** What you need to do **
Beginning at the line containing "Quảng Trị: Mưa" in the material below and ending at the line containing "14.09.2025 - Stadtparktriathlon", return each line exactly and add nothing.

** Data for the task **

══════

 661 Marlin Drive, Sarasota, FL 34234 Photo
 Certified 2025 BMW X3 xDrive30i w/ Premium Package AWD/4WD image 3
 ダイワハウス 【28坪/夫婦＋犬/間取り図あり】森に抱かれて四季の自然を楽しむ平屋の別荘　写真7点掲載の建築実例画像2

══════

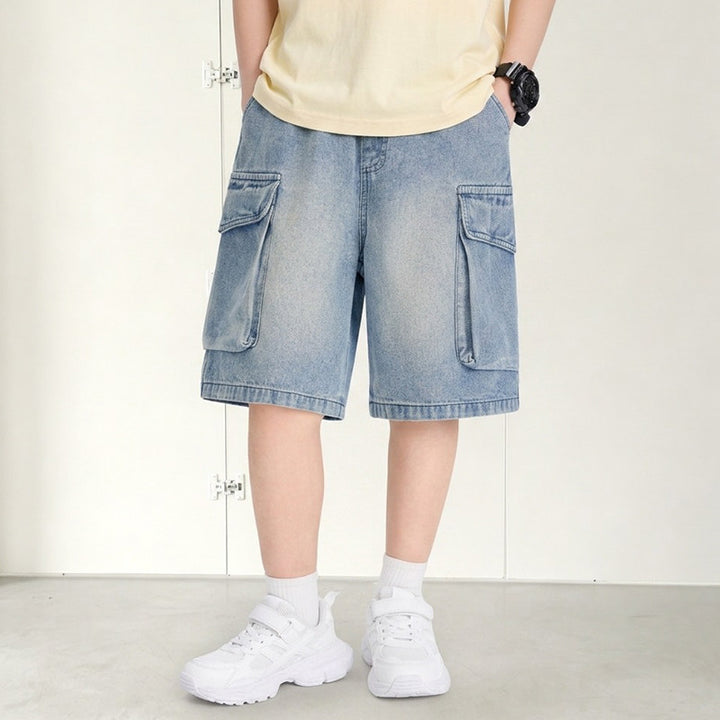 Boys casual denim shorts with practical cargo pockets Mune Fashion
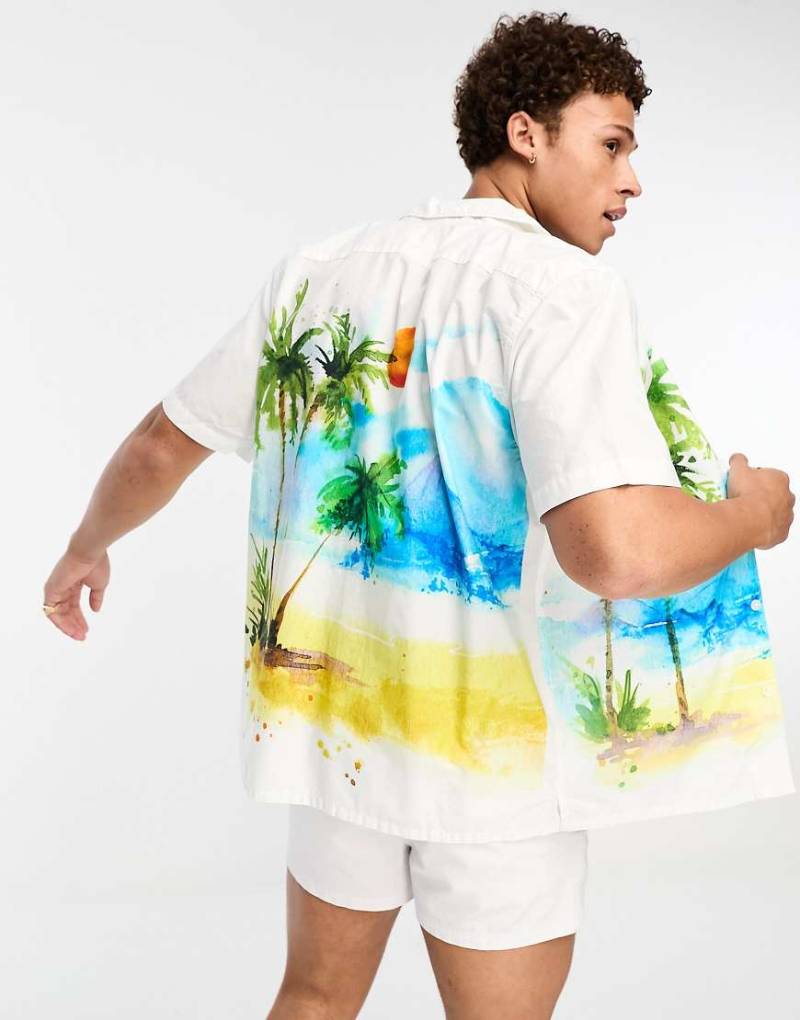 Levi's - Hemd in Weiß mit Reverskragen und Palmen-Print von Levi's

══════

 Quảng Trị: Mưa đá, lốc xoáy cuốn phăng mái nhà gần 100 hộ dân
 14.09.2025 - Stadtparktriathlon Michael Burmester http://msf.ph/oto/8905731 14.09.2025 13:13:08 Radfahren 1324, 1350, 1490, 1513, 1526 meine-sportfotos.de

══════

** Exercise answer **
 Quảng Trị: Mưa đá, lốc xoáy cuốn phăng mái nhà gần 100 hộ dân
 14.09.2025 - Stadtparktriathlon Michael Burmester http://msf.ph/oto/8905731 14.09.2025 13:13:08 Radfahren 1324, 1350, 1490, 1513, 1526 meine-sportfotos.de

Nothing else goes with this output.